Tobacco: If one must see how Bhutan Narcotics Control Agency’s (BNCA) random inspection is scaring the soul out of smokers, the best place to go is where automobile workshops are at Olakha, Thimphu. Smokers scan around to make sure there are inspectors lurking about and dash out swiftly for a quick drag.
But the thing is that no one can be certain who’s inspector and who’s not. The guy standing next to you, casually watching things roll on by, could very well be a narcotics spy. There is no way of knowing. And if you are caught smoking there, you will be slapped a fine of Nu 500 on the spot. This has left smokers really frustrated.
BNCA has been carrying out surprise checking in and around city pockets. Recently, the agency nabbed more than 20 smokers in the town and collected upwards of Nu 40,000 total fine. Those found selling cigarettes are fined Nu 10,000. Smokers have to pay penalty of Nu 500.
Phuntsho Wangdi, director general of BNCA, said that fines are imposed according to Tobacco Control Act of Bhutan and rules and regulations pertaining to trade and consumption tobacco products. The reason for levying heavy penalty from business owners is because they are responsible for maintaining the public space where his or her business is.
But this has given rise to a whole new set of problems.
“Implementation of fines is carried out as per the Law ratified by the Parliament,” said Phuntsho Wangdi. “If people act responsibly and comply with the provisions of the Law, there should not be any problem.”
Phub Zam, 27, owner of the Club Zomsa, was recently imposed Nu 10, 000 fine when one of her customers was caught smoking outside the club.
“We hardly get Nu 10, 000 in a day. And when we are busy with our customers inside, it is difficult to monitor what is happening outside,” said Phub Zam. “This is really unfair.”
Tshering, 55, owner of Lungta Gonphel Drayang, said that angry customers do not cooperate when they are told not smoke in and around the drayang. “They become abusive and often dangerous. But we must also think about our business. We are faced with a difficult dilemma.”
Club Zomsa is located just by the road at Hongkong market in Thimphu. Phub Zam said that even if someone who is not her customer smokes near her club she will be liable to pay a hefty penalty. “This is going to ruin by business entire.”
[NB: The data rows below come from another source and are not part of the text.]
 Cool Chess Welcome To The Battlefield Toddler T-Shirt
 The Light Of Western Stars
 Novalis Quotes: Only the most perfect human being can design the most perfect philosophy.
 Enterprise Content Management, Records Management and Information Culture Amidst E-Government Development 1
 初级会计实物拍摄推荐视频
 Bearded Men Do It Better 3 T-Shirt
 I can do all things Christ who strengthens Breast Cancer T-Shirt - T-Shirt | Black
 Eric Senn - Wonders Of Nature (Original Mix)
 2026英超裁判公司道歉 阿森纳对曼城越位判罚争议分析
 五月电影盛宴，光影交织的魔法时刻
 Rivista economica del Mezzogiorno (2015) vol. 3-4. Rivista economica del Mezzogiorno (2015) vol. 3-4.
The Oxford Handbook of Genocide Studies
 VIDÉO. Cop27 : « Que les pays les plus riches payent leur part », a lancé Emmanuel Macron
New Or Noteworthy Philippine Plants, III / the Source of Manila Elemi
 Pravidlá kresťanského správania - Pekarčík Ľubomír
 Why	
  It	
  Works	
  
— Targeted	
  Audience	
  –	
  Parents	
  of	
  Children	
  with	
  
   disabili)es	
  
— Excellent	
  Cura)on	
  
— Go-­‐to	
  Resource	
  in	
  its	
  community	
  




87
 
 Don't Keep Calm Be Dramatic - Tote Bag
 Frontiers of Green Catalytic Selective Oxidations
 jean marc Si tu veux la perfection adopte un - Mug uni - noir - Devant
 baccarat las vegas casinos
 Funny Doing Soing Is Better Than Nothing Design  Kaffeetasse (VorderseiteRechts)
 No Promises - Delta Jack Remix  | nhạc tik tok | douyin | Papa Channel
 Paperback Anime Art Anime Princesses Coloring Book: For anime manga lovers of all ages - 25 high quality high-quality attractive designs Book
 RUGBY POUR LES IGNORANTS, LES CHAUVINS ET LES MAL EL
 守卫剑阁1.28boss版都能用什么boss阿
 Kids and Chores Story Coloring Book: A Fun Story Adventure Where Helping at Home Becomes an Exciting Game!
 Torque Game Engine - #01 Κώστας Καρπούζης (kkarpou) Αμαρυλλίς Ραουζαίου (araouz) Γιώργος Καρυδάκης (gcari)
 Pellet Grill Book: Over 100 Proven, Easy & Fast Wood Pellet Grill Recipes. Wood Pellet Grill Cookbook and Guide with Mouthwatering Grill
Norbu, who owns a karaoke, said that he lets his customers smoke in a small spare room he’s got. But BNCA officials told him that he cannot let that happen because the room does not have ventilator.
A mechanic with one of the workshops in Olakha, who recently had to pay a fine of Nu 500, said that the authorities wouldn’t dare slap penalty on high-ranking officials even if they are found smoking in the open. He wasn’t even smoking when he was handed a receipt recently. “I had a cigarette tucked up above my left ear and they had me pay the fine. That’s stupid.”
Lekey Dorji, chairperson of the Legislative Committee of National Assembly, said that ignorance of law is not an excuse to avoid penalties. Law enforcing agencies, he added, must impose penalties if the Law must succeed.
Phuntsho Wangdi said that the law of the land will apply to all irrespective of nationality. Teams of inspectors have also visited government offices and fined the defaulters.
While sudden inspections have caused problems for many, there are supports from certain quarters of the society. Nowhere is this more evident than at the workshops in Olakha.
A workshop owner, who wished to remain anonymous, said that such inspections should happen frequently. “We have highly flammable materials here. A spark could lead to dangerous consequences. But then, ours is a business entity and we must allow certain laxity.”
“Public areas are well defined in the Act,” said Phuntsho Wangdi. “People have the freedom to smoke in private areas but not in the open.”
Rules may endure and measures more employed to stop people from smoking in the public places, but it is the structure of penalty that people are not able to comprehend. Why must smoker pay only Nu 500 when he or she is the main defaulter?
“There is a need to revise the fine structure to be fair to all,” said Sangay Tshering, a restaurant owner.